* Problem to work on
Please restate, word for word, the lines below that begin at the one with "ue-shirt-blue" and end at the one with "Усилитель Wi-Fi Netcraze Buddy 5 NC-3311". Leave out all other lines.

* Short descriptive text snippets
■ ■ ■

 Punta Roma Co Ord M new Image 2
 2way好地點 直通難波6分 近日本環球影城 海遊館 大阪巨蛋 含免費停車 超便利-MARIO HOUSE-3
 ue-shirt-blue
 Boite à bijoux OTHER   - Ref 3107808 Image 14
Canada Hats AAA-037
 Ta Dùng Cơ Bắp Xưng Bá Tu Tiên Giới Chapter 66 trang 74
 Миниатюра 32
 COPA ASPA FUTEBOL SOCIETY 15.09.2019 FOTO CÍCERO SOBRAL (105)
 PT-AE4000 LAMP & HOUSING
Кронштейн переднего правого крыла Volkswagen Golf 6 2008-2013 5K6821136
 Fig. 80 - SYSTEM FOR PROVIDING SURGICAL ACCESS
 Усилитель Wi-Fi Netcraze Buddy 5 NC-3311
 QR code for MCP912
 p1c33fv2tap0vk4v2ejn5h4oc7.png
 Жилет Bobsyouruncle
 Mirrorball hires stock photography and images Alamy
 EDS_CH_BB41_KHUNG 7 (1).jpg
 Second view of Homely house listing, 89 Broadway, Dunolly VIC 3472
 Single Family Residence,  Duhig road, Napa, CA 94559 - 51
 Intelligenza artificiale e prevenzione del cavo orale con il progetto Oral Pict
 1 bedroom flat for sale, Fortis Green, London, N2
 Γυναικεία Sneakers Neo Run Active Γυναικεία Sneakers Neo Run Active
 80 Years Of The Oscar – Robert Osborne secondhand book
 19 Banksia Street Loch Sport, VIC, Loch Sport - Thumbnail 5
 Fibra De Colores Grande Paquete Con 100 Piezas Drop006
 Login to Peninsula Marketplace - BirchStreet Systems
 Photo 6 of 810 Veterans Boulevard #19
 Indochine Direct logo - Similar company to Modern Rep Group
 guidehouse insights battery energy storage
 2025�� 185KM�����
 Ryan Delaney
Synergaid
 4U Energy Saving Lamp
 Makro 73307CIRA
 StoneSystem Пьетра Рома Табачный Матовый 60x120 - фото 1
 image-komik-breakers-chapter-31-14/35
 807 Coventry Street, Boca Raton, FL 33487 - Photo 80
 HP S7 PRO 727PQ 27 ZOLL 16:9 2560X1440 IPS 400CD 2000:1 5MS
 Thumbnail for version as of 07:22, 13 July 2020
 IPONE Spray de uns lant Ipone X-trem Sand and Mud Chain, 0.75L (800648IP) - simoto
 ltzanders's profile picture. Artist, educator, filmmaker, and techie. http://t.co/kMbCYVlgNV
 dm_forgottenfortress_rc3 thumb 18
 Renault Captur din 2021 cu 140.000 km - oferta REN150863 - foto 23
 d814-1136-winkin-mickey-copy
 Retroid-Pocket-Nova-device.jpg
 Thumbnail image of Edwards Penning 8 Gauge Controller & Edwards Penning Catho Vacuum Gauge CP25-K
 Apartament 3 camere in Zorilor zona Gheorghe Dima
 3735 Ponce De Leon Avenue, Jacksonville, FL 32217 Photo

■ ■ ■

* Exercise response
 ue-shirt-blue
 Boite à bijoux OTHER   - Ref 3107808 Image 14
Canada Hats AAA-037
 Ta Dùng Cơ Bắp Xưng Bá Tu Tiên Giới Chapter 66 trang 74
 Миниатюра 32
 COPA ASPA FUTEBOL SOCIETY 15.09.2019 FOTO CÍCERO SOBRAL (105)
 PT-AE4000 LAMP & HOUSING
Кронштейн переднего правого крыла Volkswagen Golf 6 2008-2013 5K6821136
 Fig. 80 - SYSTEM FOR PROVIDING SURGICAL ACCESS
 Усилитель Wi-Fi Netcraze Buddy 5 NC-3311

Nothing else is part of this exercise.